Palestinian President Mahmoud Abbas' Fatah party on Saturday rejected a Hamas proposal on sharing power with Fatah only at the border crossing between the Gaza Strip and Egypt, Xinhua reported.
In a response to an Egyptian mediation effort, Hamas, which overran pro-Abbas forces and seized control of Gaza in June 2007, has said the Islamic movement and Fatah can only form a joint force at Rafah border crossing.
Ibraheem Abu al-Najja, a Fatah official in Gaza, argued that the Egyptian proposal calls for forming a joint force to be in charge of the security in all over the Gaza Strip.

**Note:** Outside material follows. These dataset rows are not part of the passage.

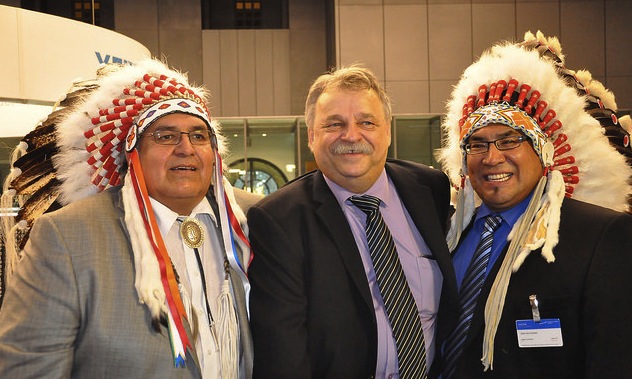 Stan Szary with Onion Lake First Nation Chief Wallace Fox (l) and Yellowquill Chief Larry Cachene (r.)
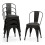 Casart Metal Dining Chair Set of 4 Indoor Stackable Kitchen Chairs-Black Grey 1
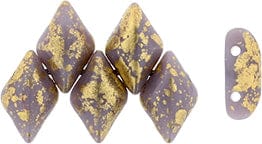 BeadsBalzar Beads & Crafts (GDU-S22C23020) GEMDUO 8 x 5mm Gold Splash - Opaque Amethyst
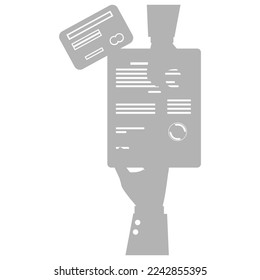 icono de documentos, una mano con una tarjeta, sobre un fondo blanco, ilustración vectorial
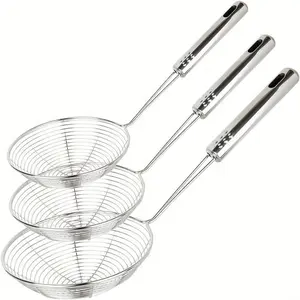 3 Piece Stainless Steel Vegetable Colander Set, Modern Minimalist Design, Multiple Sizes Deep Basket, Ideal for Home Cooks and Food Enthusiasts, Strainer Set, Draining, Kitchen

"A specific faction can not be in charge of the security in Gaza alone and the joint force was not only proposed to work on Rafah crossing," Abu al-Najja said.
Egypt has been trying to broker a national reconciliation among the Palestinian groups to allow the formation of a unity government that would restore political unity to the Hamas-ruled Gaza Strip and the Fatah-dominated West Bank.
Meanwhile, Abu al-Najja slammed "the measures Hamas apply on the ground" which he said hinder the progress of the Cairo-hosted dialogue, without giving details.
During the fifth round of Palestinian reconciliation talks in Cairo earlier this month, rival Fatah and Hamas agreed to form joint security forces in the Gaza Strip, according to senior Fatah official Nabil Shaath.
"Hamas and Fatah agreed to form joint security forces in Gaza, which will be in charge of the security service in Gaza until January," Shaath said in a statement during the fifth round of talks.
All the Palestinian factions will come to Cairo for the final round of reconciliation talks on July 5 to discuss the draft document of a unity deal, according to the statement.